> [Task data]:
+++

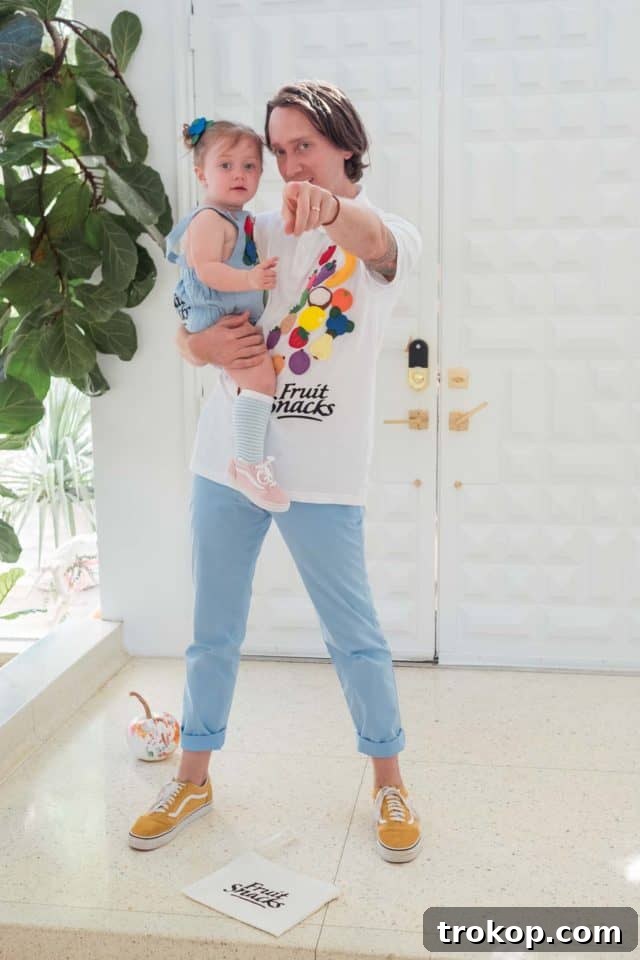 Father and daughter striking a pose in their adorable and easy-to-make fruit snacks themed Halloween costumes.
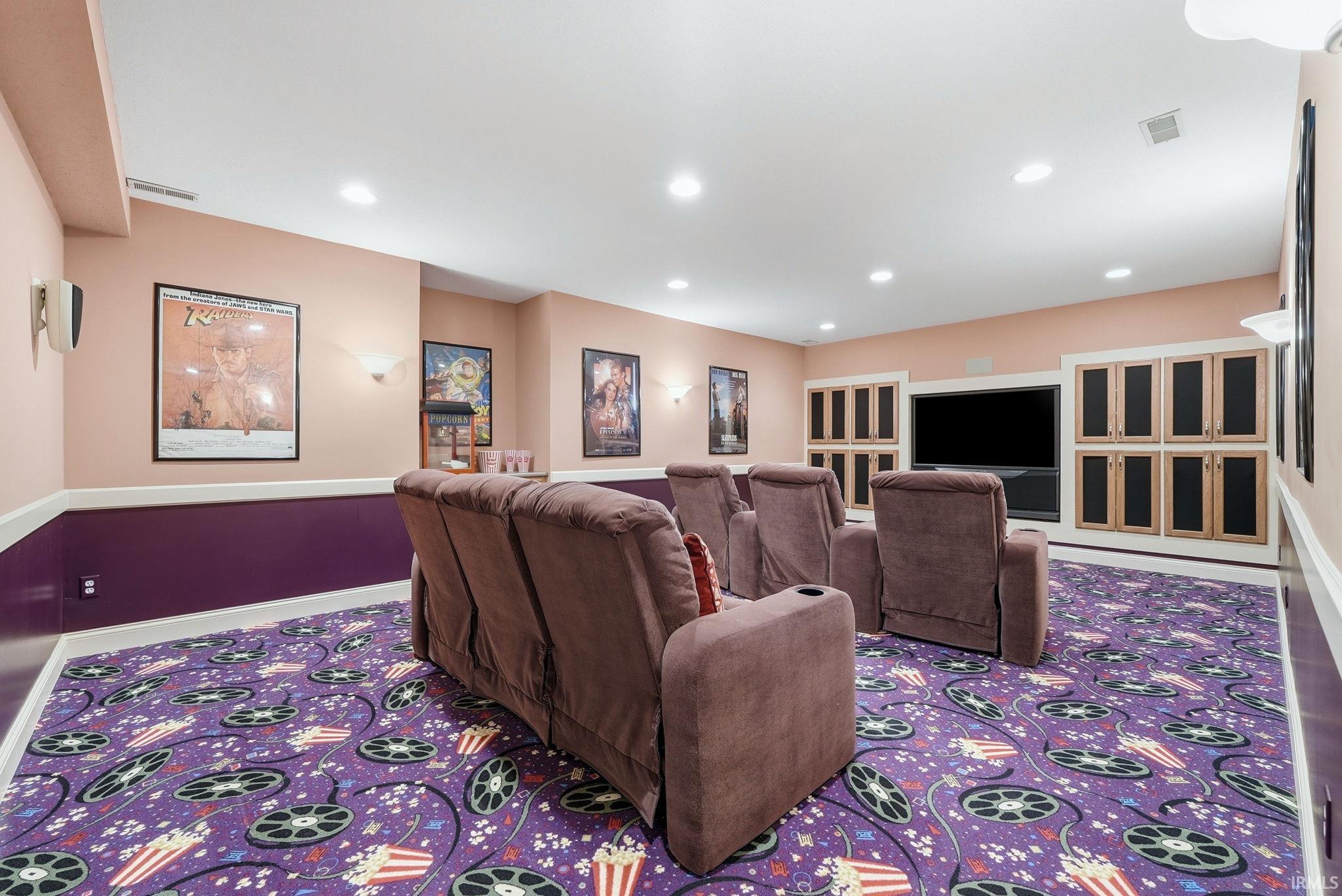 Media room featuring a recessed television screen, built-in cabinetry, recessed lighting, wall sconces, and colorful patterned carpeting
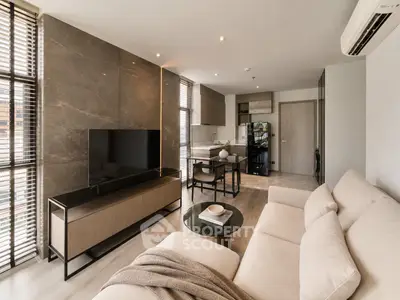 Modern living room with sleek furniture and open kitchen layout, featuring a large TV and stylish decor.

+++

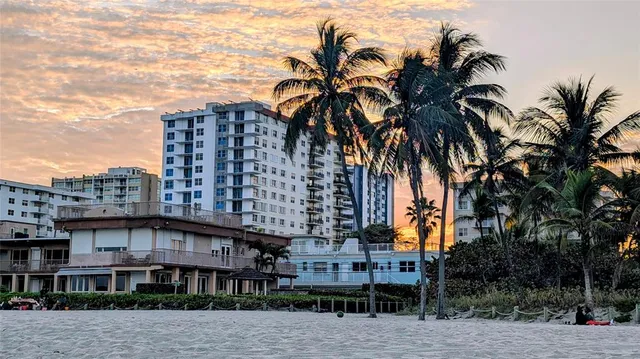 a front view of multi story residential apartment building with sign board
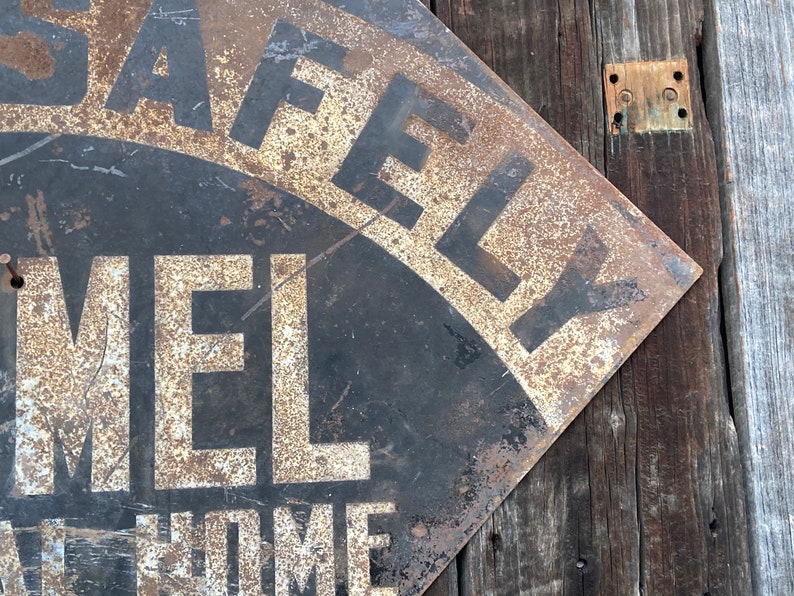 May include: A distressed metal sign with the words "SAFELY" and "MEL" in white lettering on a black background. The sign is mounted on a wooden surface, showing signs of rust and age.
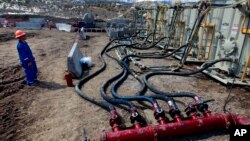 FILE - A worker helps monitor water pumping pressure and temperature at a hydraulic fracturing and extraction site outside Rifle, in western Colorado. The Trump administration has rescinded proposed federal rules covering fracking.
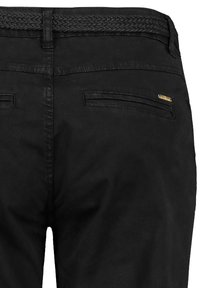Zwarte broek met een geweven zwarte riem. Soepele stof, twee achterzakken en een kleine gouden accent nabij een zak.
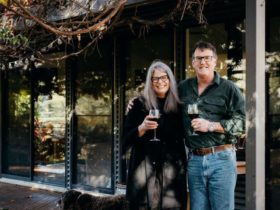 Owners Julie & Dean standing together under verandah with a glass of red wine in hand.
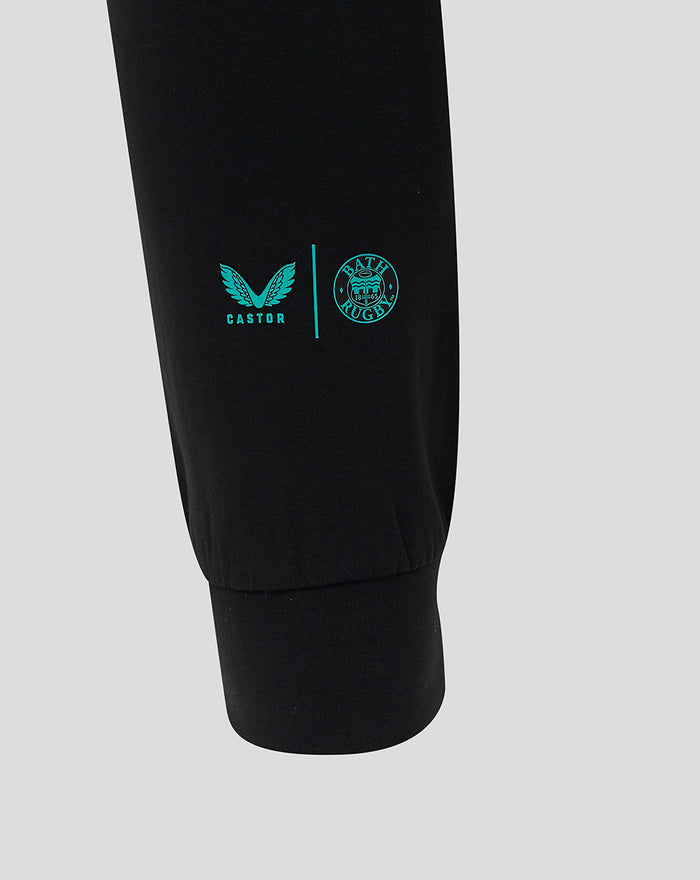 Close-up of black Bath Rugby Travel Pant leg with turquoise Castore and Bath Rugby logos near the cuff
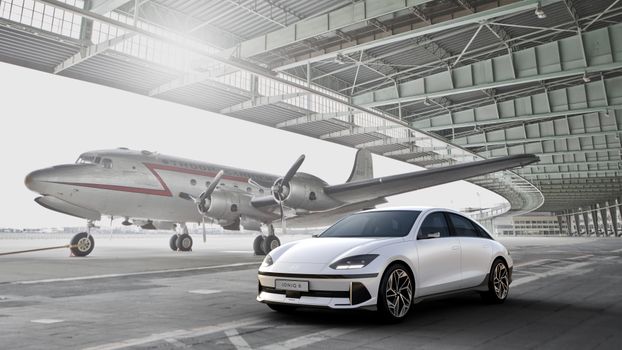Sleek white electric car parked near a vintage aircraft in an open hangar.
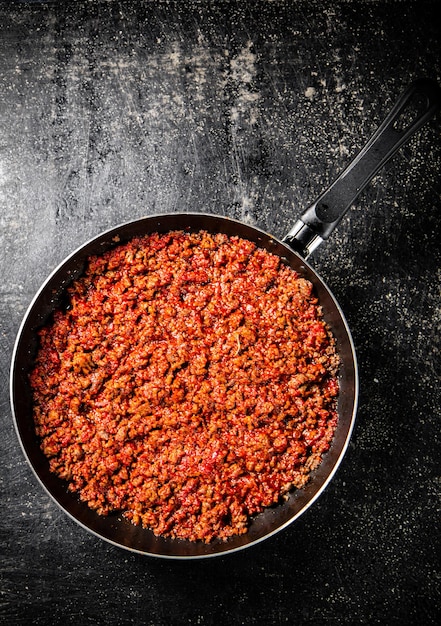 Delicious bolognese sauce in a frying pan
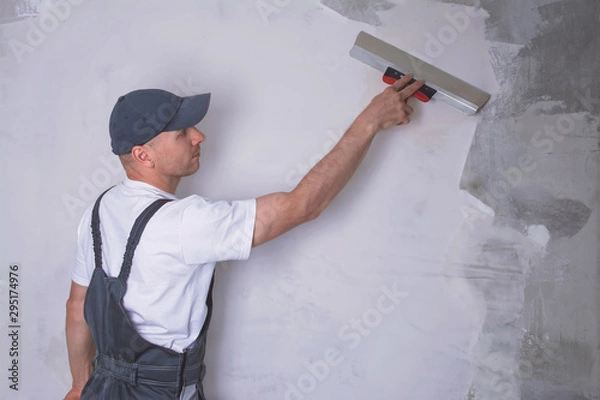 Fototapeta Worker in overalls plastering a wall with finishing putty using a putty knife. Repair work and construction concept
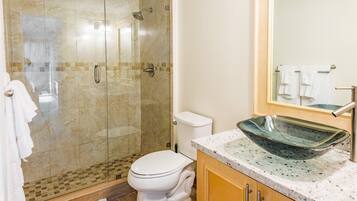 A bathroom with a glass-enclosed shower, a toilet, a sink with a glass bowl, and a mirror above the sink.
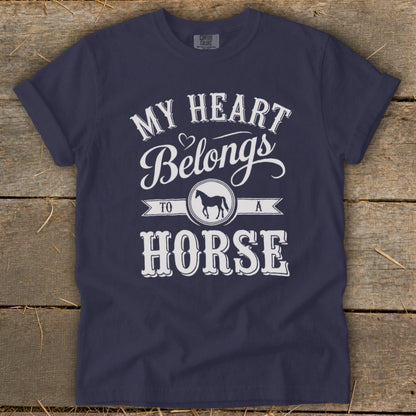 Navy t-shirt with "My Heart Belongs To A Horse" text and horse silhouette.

+++

> [Work instruction]:
What should come back is an exact copy of the lines above from the line with "Sleek white electric" to the line with "Navy t-shirt with", both included, minus the pictures.

> [Solution to the problem]:
Sleek white electric car parked near a vintage aircraft in an open hangar.
 Delicious bolognese sauce in a frying pan
 Fototapeta Worker in overalls plastering a wall with finishing putty using a putty knife. Repair work and construction concept
 A bathroom with a glass-enclosed shower, a toilet, a sink with a glass bowl, and a mirror above the sink.
 Navy t-shirt with "My Heart Belongs To A Horse" text and horse silhouette.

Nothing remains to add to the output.